━━━ Data section ━━━

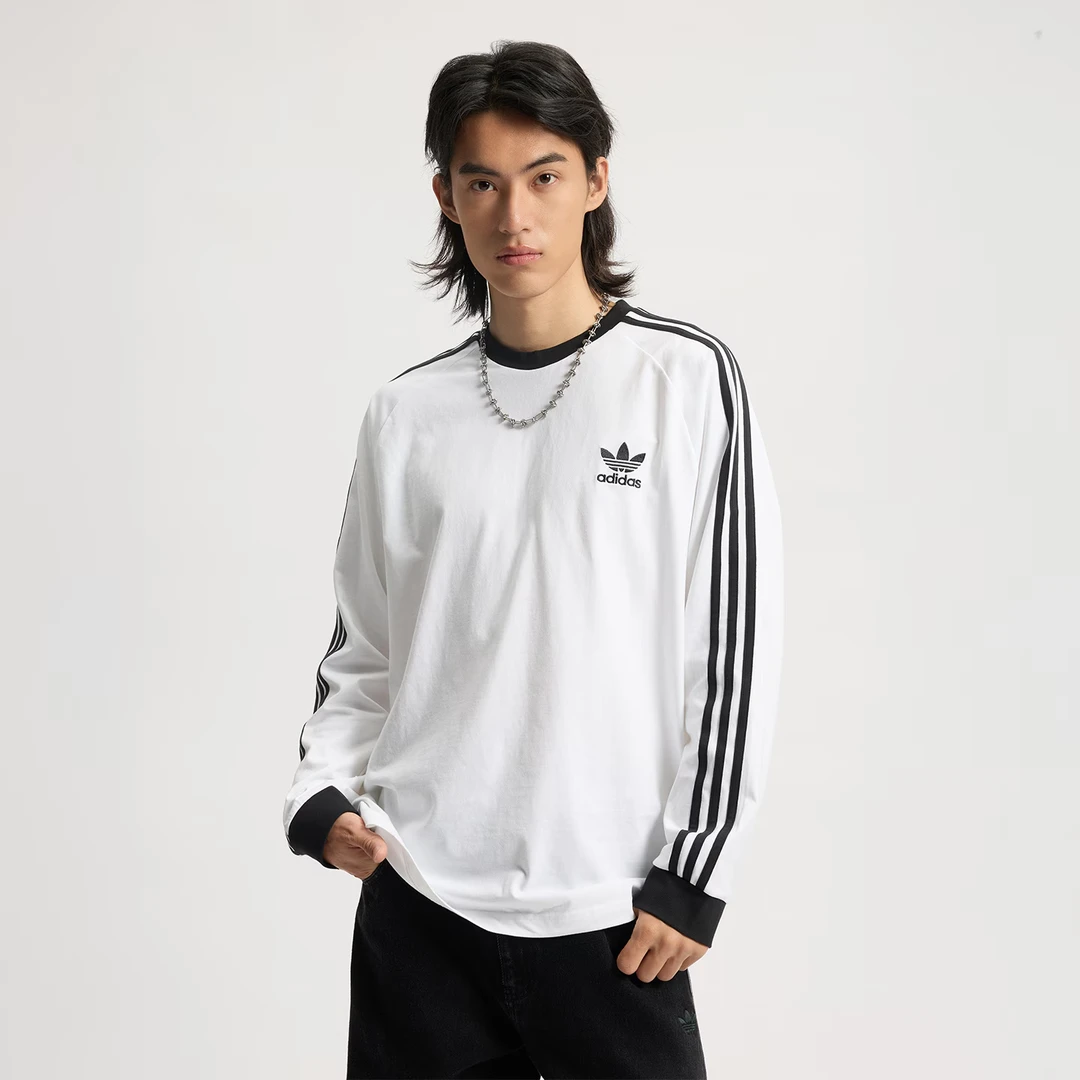adidas/阿迪达斯男子复古穿搭纯棉休闲运动修身长袖圆领T恤IA4879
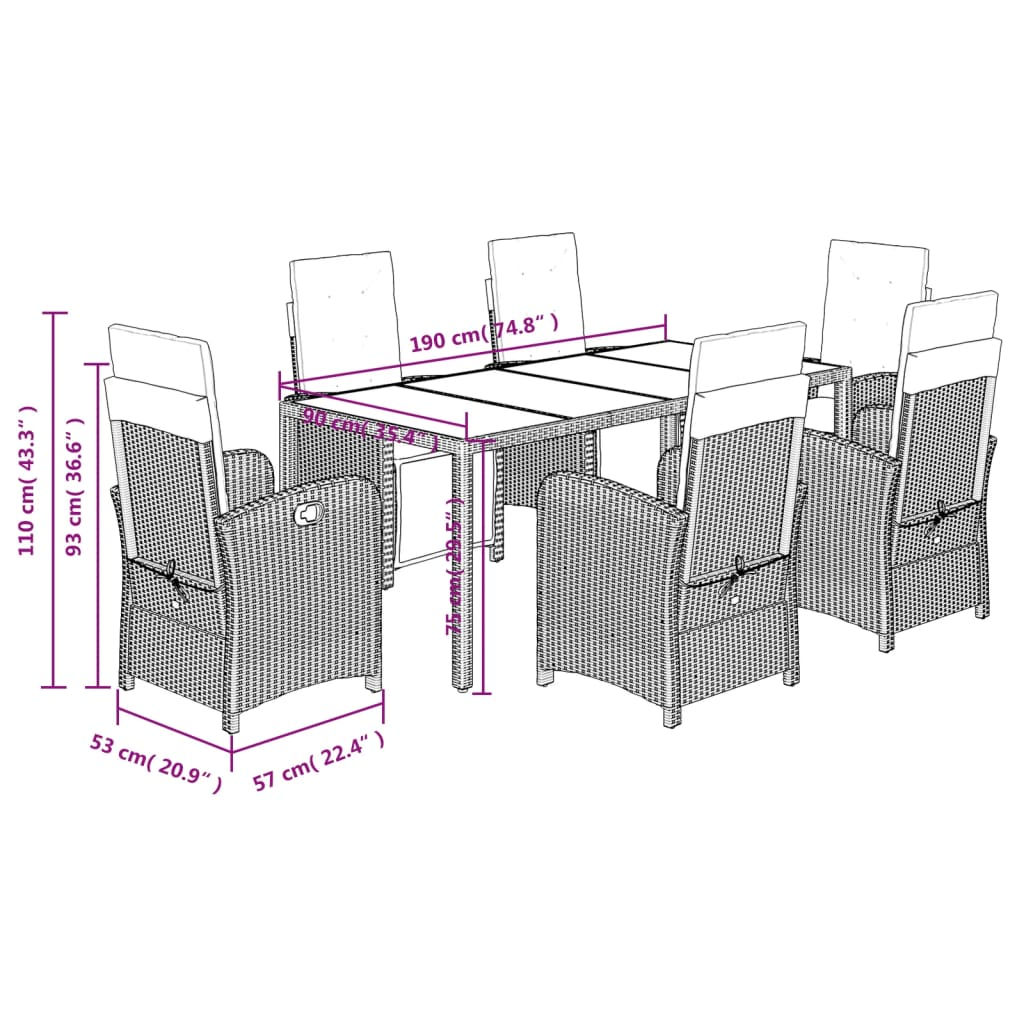 vidaXL 7 Piece Garden Dining Set with Cushions Grey Poly Rattan - Comfortable and Durable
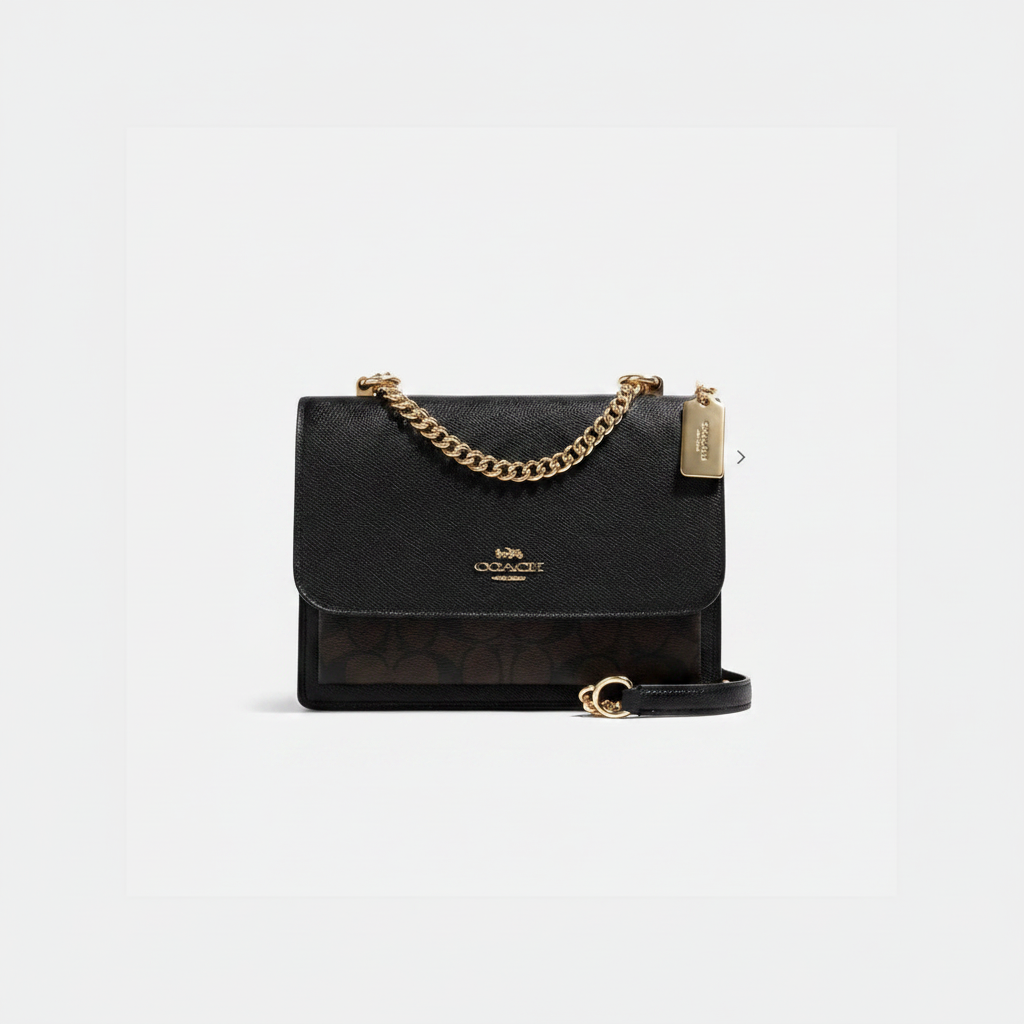 Coach Klare Crossbody "Black Signature Canvas / Black Leather / Gold"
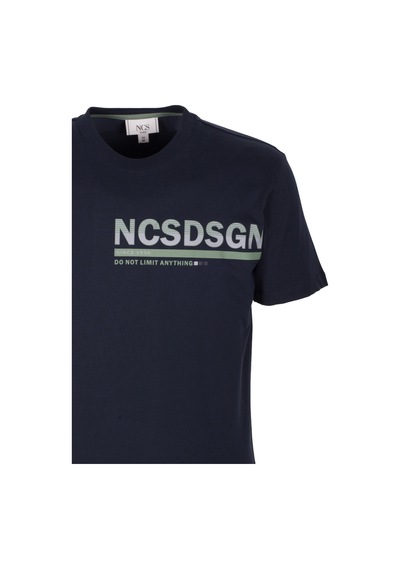 Erkek Tişört Bisiklet Yaka Lacivert Slim Fit Baskılı T-shirt Ncs Jeans 1296 Lacivert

━━━

Word for word, restate all of the material, omitting the images.

adidas/阿迪达斯男子复古穿搭纯棉休闲运动修身长袖圆领T恤IA4879
 vidaXL 7 Piece Garden Dining Set with Cushions Grey Poly Rattan - Comfortable and Durable
 Coach Klare Crossbody "Black Signature Canvas / Black Leather / Gold"
 Erkek Tişört Bisiklet Yaka Lacivert Slim Fit Baskılı T-shirt Ncs Jeans 1296 Lacivert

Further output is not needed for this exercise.